Input data –
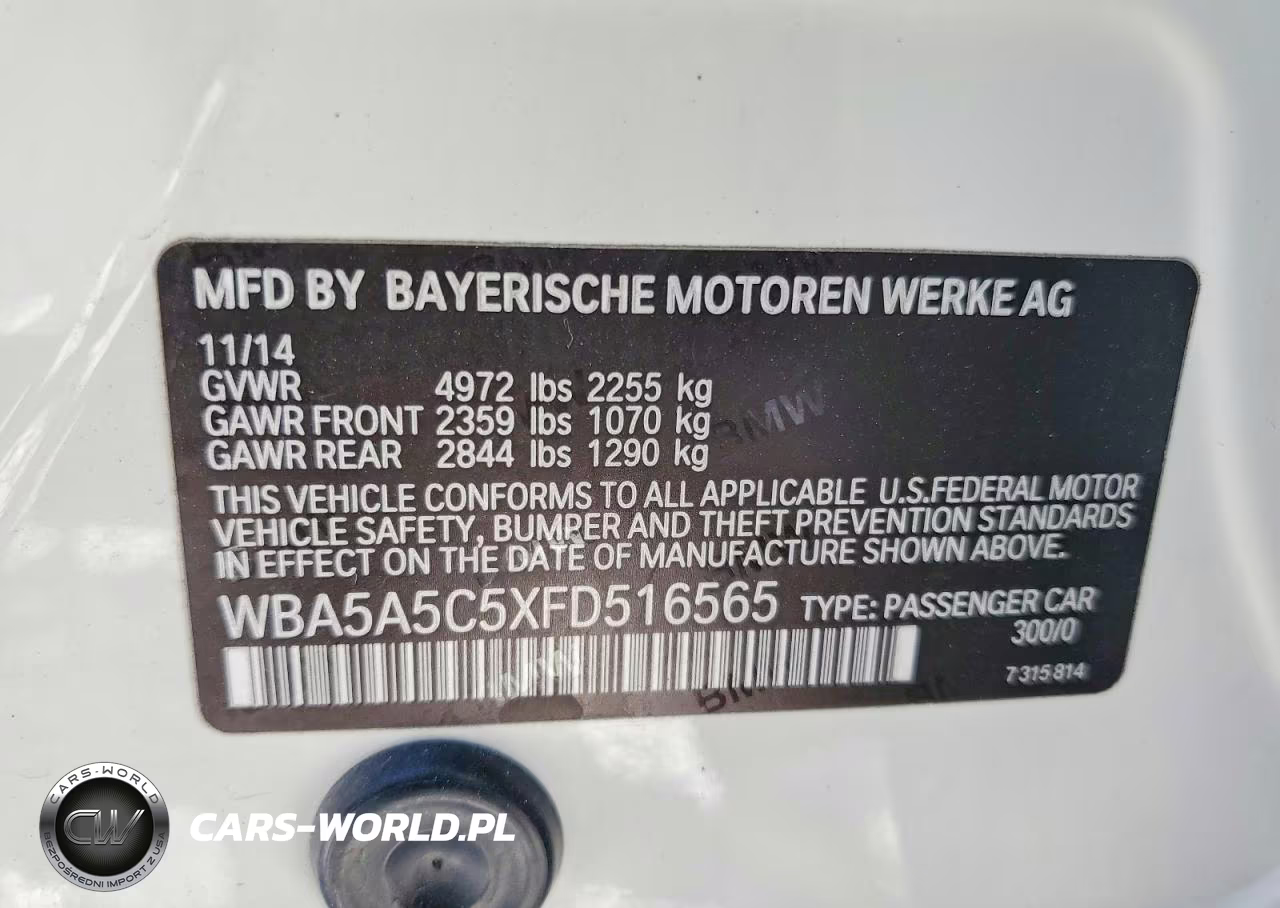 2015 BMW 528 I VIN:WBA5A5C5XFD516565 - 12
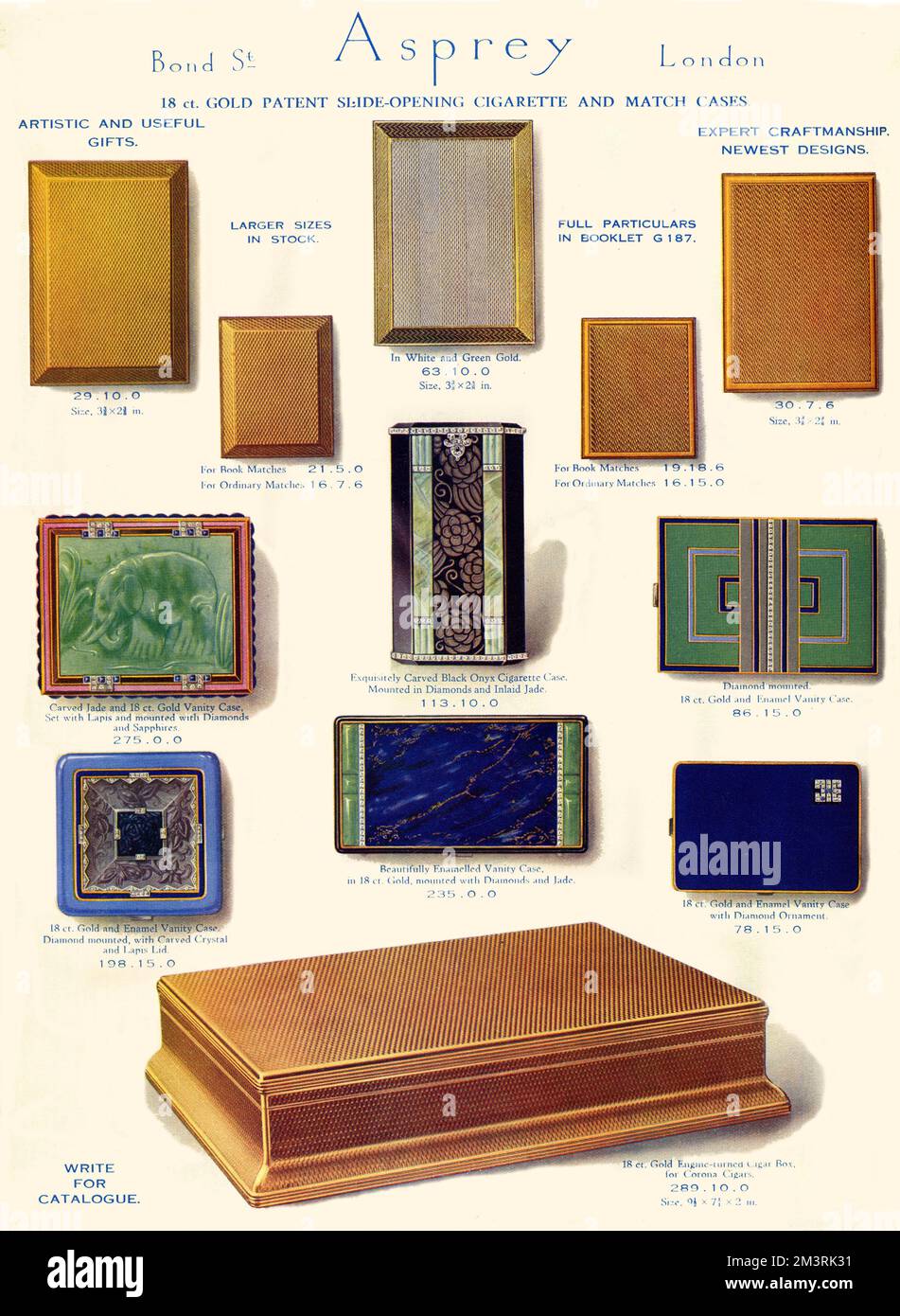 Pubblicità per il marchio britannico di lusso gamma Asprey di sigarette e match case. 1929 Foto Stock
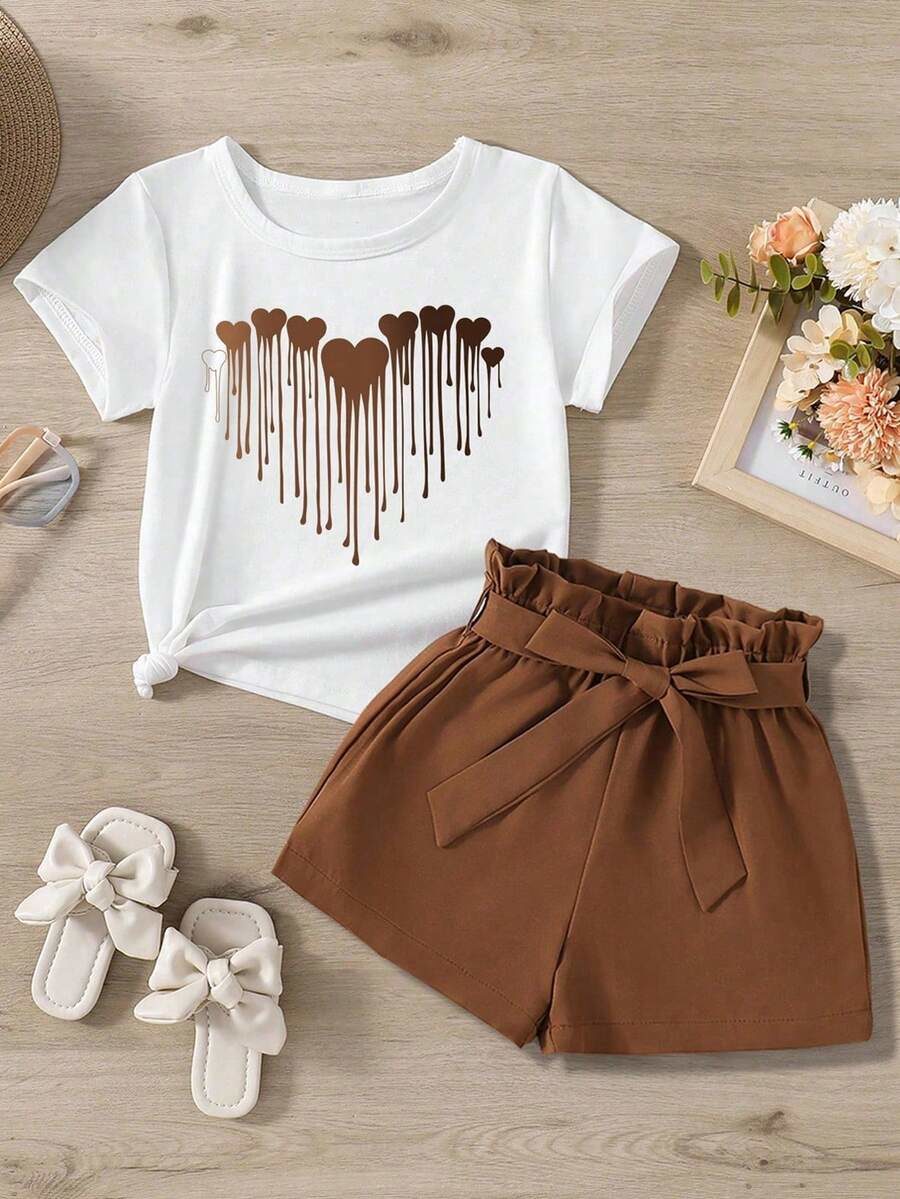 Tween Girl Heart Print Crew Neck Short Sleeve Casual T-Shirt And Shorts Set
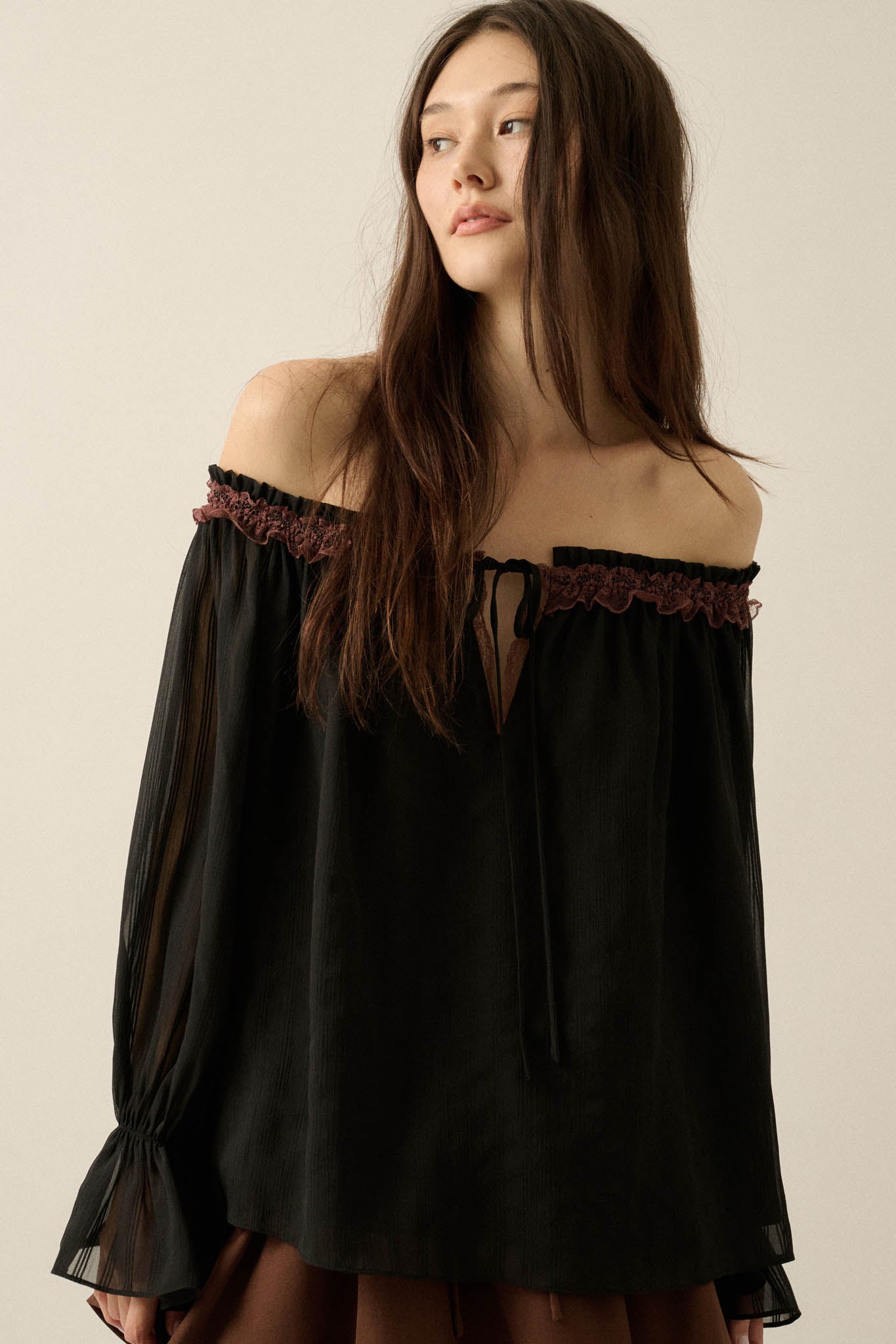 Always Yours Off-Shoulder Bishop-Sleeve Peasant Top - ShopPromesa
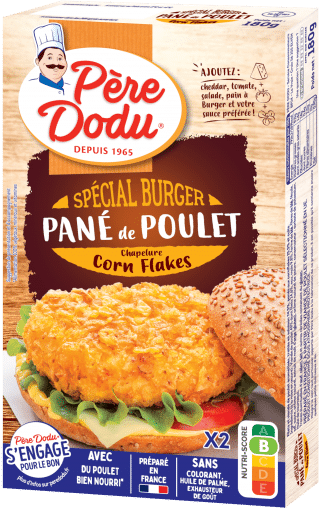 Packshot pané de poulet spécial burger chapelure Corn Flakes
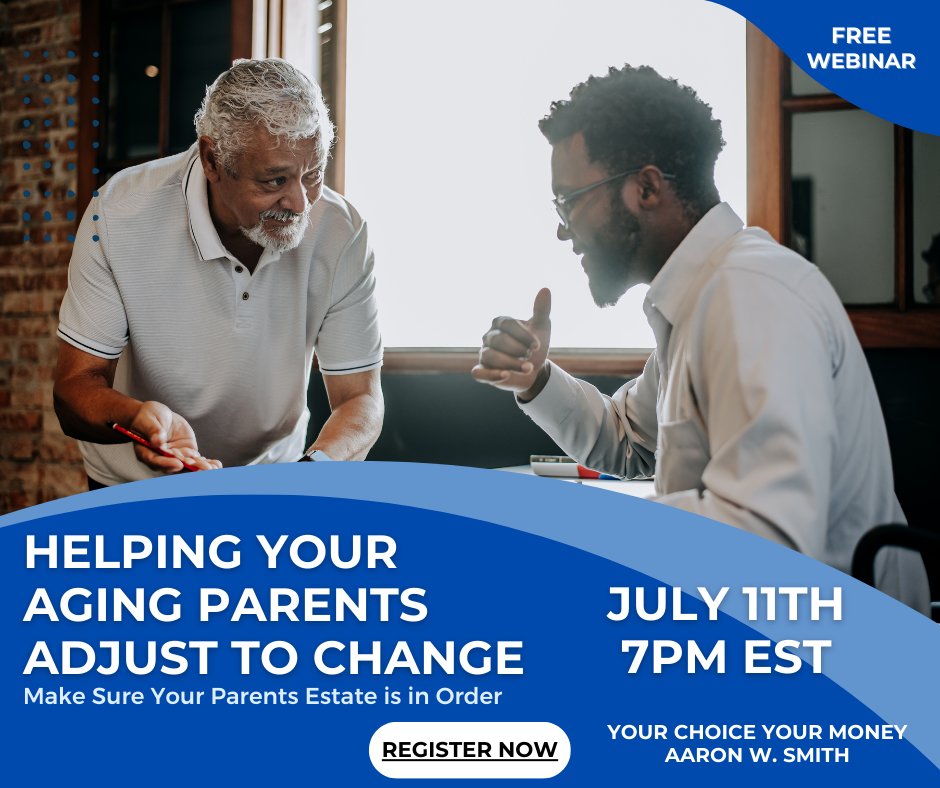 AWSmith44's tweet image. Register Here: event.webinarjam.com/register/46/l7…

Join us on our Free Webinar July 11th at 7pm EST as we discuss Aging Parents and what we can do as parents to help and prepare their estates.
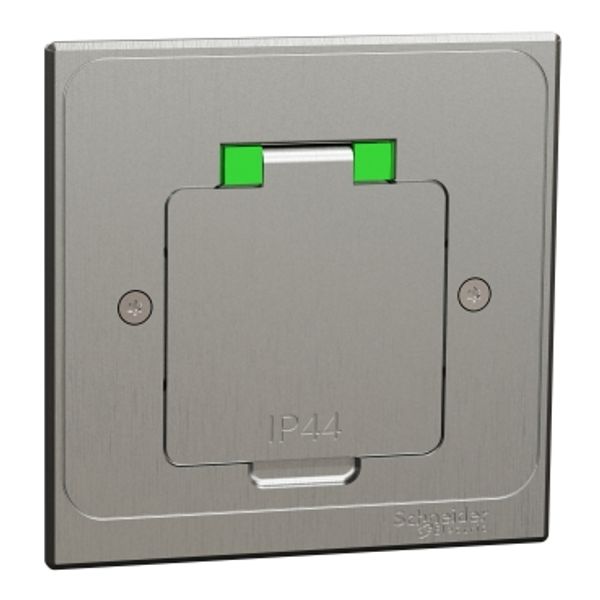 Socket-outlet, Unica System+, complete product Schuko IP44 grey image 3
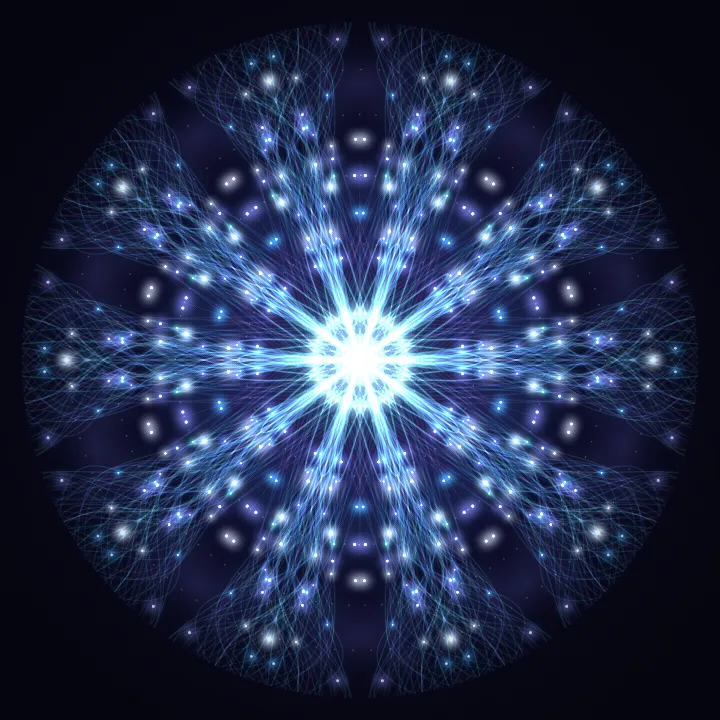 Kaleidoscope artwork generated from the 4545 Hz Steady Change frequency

What you have to do – Set down exactly the lines running from the beginning of the entries above to the line that contains "Packshot pané de", including both, and leave out pictures.

Problem solution –
 2015 BMW 528 I VIN:WBA5A5C5XFD516565 - 12
 Pubblicità per il marchio britannico di lusso gamma Asprey di sigarette e match case. 1929 Foto Stock
 Tween Girl Heart Print Crew Neck Short Sleeve Casual T-Shirt And Shorts Set
 Always Yours Off-Shoulder Bishop-Sleeve Peasant Top - ShopPromesa
 Packshot pané de poulet spécial burger chapelure Corn Flakes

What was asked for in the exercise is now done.